Radiation Effects on Electronics in Aligned Carbon Nanotube Technology (RadCNT)

February 1, 2021

Defense Threat Reduction Agency, Fort Belvoir, Virginia

The main objective of the RadCNT program was the characterization of fundamental mechanisms and charge transport phenomena governing the interactions between ionizing and non-ionizing radiation with carbon-based (nanotube and graphene) field-effect transistors (FETs) devices and integrated circuits (ICs). This effort was supported through the fabrication of aligned single-walled carbon nanotubes (SWCNT) FETs at the University of Southern California’s (USC) Nanotechnology Research Laboratory and through a collaboration with the Naval Research Laboratories (NRL) for radiation testing and expertise in radiation effects characterization.

The RadCNT program concentrated on understanding total ionizing dose (TID) effects on SWCNT and graphene FETs. Several TID experiments with SWCNT and graphene FETs with various gate configurations, dielectric materials and geometries were performed as part of this effort. Well-known mechanisms of radiation-induced degradation in FETs such as oxide charge buildup were confirmed in SWCNT and graphene FETs through in situ measurements following radiation exposure. The effects of ionizing radiation on charge-injection mechanisms that cause gate hysteresis in carbon-based electronics were also investigated and demonstrated experimentally for the first time in aligned SWCNT FETs.

Total ionizing dose (TID) experiments were performed in view of initial investigations in carbon-based electronics devices (both SWCNT and graphene FETs) that reported a strong dependence of the radiation response on the experimental environment. These experiments consisted of Co-60 gamma ray irradiation of aligned single-walled carbon nanotube (SWCNT) field effect transistors (FETs) fabricated with 30 nm Al₂O₃ gate dielectrics and individual back gate electrodes.

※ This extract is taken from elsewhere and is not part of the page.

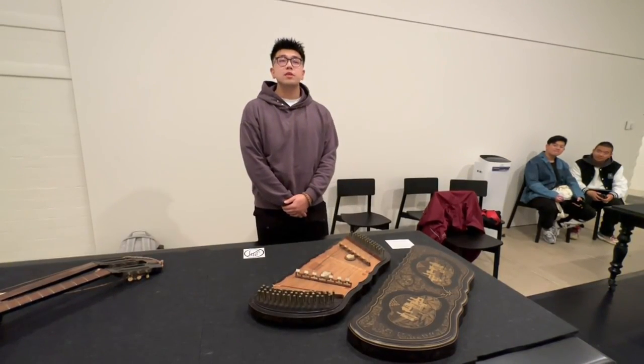Percy Grainger owned many instruments which he placed in the Grainger Museum collection. Some are on display in one of the galleries, and you can also look at other instruments on a table nearby.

Results indicate net positive voltage shifts in the transfer (Id–Vgs) characteristics of FETs fabricated without a passivation layer masking the surface of the device (i.e., having the SWCNTs exposed to the testing environment). The measured shifts are attributed to contaminants that alter the condition at the surface of the device resulting in an effective p-type doping of the nanotubes. These results are consistent with previous investigations where molecular adsorption at the surface of the SWC-NTs and/or at the SiO₂ surface near the CNTs results in electron traps that can modulate the nanotube carrier density when irradiated in air. On the other hand, devices fabricated with a passivation layer (i.e., 1 μm thick coating of 3612 photoresist) resulted in net negative voltage shifts characteristic of positive charge trapping in the oxide near the SWCNT/oxide interface.

The impact of ionizing radiation on charge injection mechanisms was established experimentally through in situ measurements of SWCNT FETs performed under static vacuum. Extractions of hysteresis width (h) indicated an increase of more than 20 % after 1 Mrad(SiO₂) of TID exposure for worst-case conditions. This increase in h indicates a larger contribution from charge injection mechanisms as a function of ionizing radiation exposure. TCAD simulations were used to investigate the combined effect of hysteresis and radiation-induced degradation and to demonstrate its dependence on trap density, carrier lifetime and energy distribution.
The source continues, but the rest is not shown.